Sender: linux-nfs-owner@vger.kernel.org

On Wed, Jul 5, 2017 at 1:33 PM, Olga Kornievskaia <aglo@umich.edu> wrote:
> On Wed, Jul 5, 2017 at 12:14 PM, Trond Myklebust
> <trondmy@primarydata.com> wrote:
>> On Wed, 2017-07-05 at 12:09 -0400, Olga Kornievskaia wrote:
>>> On Wed, Jul 5, 2017 at 11:46 AM, Trond Myklebust
>>> <trondmy@primarydata.com> wrote:
>>> > On Wed, 2017-07-05 at 11:11 -0400, Chuck Lever wrote:
>>> > > > On Jul 5, 2017, at 10:44 AM, Olga Kornievskaia <aglo@umich.edu>
>>> > > > wrote:
>>> > > >
>>> > > > On Mon, Jul 3, 2017 at 10:58 AM, Trond Myklebust
>>> > > > <trondmy@primarydata.com> wrote:
>>> > > > > On Thu, 2017-06-29 at 09:25 -0400, Olga Kornievskaia wrote:
>>> > > > > > Hi folks,
>>> > > > > >
>>> > > > > > On a multi-core machine, is it expected that we can have
>>> > > > > > parallel
>>> > > > > > RPCs
>>> > > > > > handled by each of the per-core workqueue?
>>> > > > > >
>>> > > > > > In testing a read workload, observing via "top" command
>>> > > > > > that a
>>> > > > > > single
>>> > > > > > "kworker" thread is running servicing the requests (no
>>> > > > > > parallelism).
>>> > > > > > It's more prominent while doing these operations over krb5p
>>> > > > > > mount.
>>> > > > > >
>>> > > > > > What has been suggested by Bruce is to try this and in my
>>> > > > > > testing I
>>> > > > > > see then the read workload spread among all the kworker
>>> > > > > > threads.
>>> > > > > >
>>> > > > > > Signed-off-by: Olga Kornievskaia <kolga@netapp.com>
>>> > > > > >
>>> > > > > > diff --git a/net/sunrpc/sched.c b/net/sunrpc/sched.c
>>> > > > > > index 0cc8383..f80e688 100644
>>> > > > > > --- a/net/sunrpc/sched.c
>>> > > > > > +++ b/net/sunrpc/sched.c
>>> > > > > > @@ -1095,7 +1095,7 @@ static int rpciod_start(void)

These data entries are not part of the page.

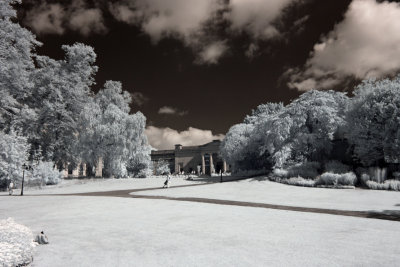 Museum Gardens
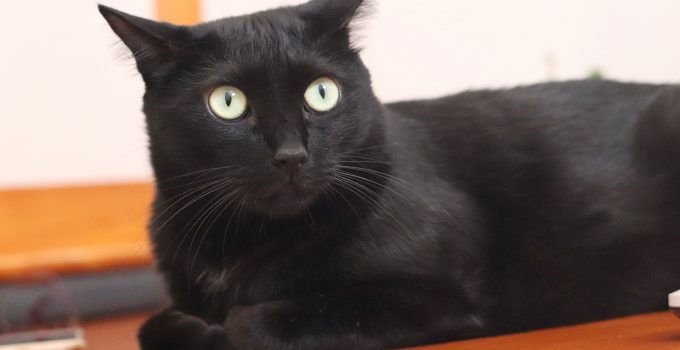 Can Black Cats Sense Death? 4 Intriguing & Revealing Insights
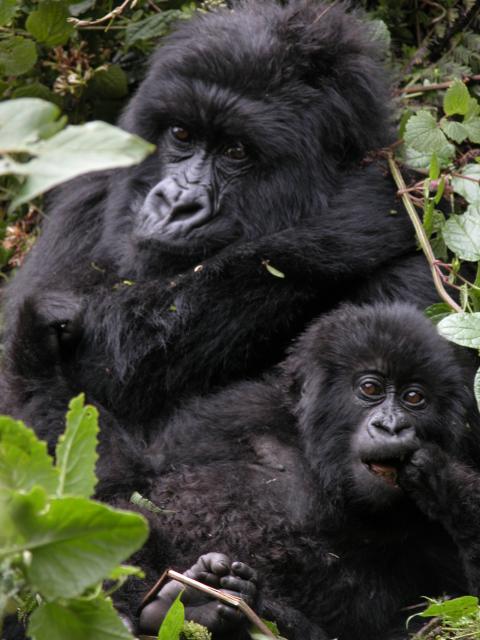 Mountain gorilla mother and baby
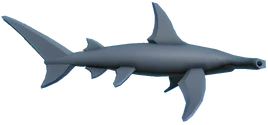 Hammerhead Shark | Fishing Simulator Wiki | Fandom
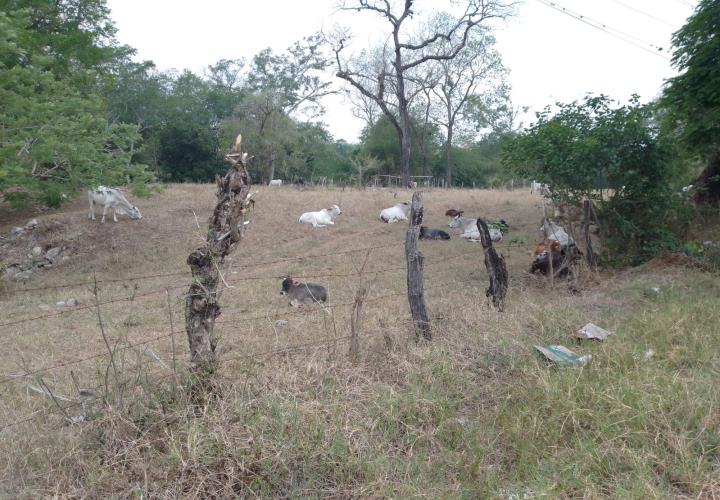 Murió ganado por altas temperaturas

>>> > > > > >  * Create the rpciod thread and wait for it to start.
>>> > > > > >  */
>>> > > > > >  dprintk("RPC:       creating workqueue rpciod\n");
>>> > > > > > - wq = alloc_workqueue("rpciod", WQ_MEM_RECLAIM, 0);
>>> > > > > > + wq = alloc_workqueue("rpciod", WQ_MEM_RECLAIM |
>>> > > > > > WQ_UNBOUND,
>>> > > > > > 0);
>>> > > > > >  if (!wq)
>>> > > > > >  goto out_failed;
>>> > > > > >  rpciod_workqueue = wq;
>>> > > > > >
>>> > > > >
>>> > > > > WQ_UNBOUND turns off concurrency management on the thread
>>> > > > > pool
>>> > > > > (See
>>> > > > > Documentation/core-api/workqueue.rst. It also means we
>>> > > > > contend
>>> > > > > for work
>>> > > > > item queuing/dequeuing locks, since the threads which run the
>>> > > > > work
>>> > > > > items are not bound to a CPU.
>>> > > > >
>>> > > > > IOW: This is not a slam-dunk obvious gain.
>>> > > >
>>> > > > I agree but I think it's worth consideration. I'm waiting to
>>> > > > get
>>> > > > (real) performance numbers of improvement (instead of my VM
>>> > > > setup)
>>> > > > to
>>> > > > help my case. However, it was reported 90% degradation for the
>>> > > > read
>>> > > > performance over krb5p when 1CPU is executing all ops.
>>> > > >
>>> > > > Is there a different way to make sure that on a multi-processor
>>> > > > machine we can take advantage of all available CPUs? Simple
>>> > > > kernel
>>> > > > threads instead of a work queue?
>>> > >
>>> > > There is a trade-off between spreading the work, and ensuring it
>>> > > is executed on a CPU close to the I/O and application. IMO
>>> > > UNBOUND
>>> > > is a good way to do that. UNBOUND will attempt to schedule the
>>> > > work on the preferred CPU, but allow it to be migrated if that
>>> > > CPU is busy.
>>> > >
>>> > > The advantage of this is that when the client workload is CPU
>>> > > intensive (say, a software build), RPC client work can be
>>> > > scheduled
>>> > > and run more quickly, which reduces latency.
>>> > >
>>> >
>>> > That should no longer be a huge issue, since queue_work() will now
>>> > default to the WORK_CPU_UNBOUND flag, which prefers the local CPU,
>>> > but
>>> > will schedule elsewhere if the local CPU is congested.
>>>
>>> I don't believe NFS use workqueue_congested() to somehow schedule the
>>> work elsewhere. Unless the queue is marked UNBOUNDED I don't believe
>>> there is any intention of balancing the CPU load.
>>>
>>
>> I shouldn't have to test the queue when scheduling with
>> WORK_CPU_UNBOUND.
>>
>
> Comments in the code says that "if CPU dies" it'll be re-scheduled on
> another. I think the code requires to mark the queue UNBOUND to really
> be scheduled on a different CPU. Just my reading of the code and it
> matches what is seen with the krb5 workload.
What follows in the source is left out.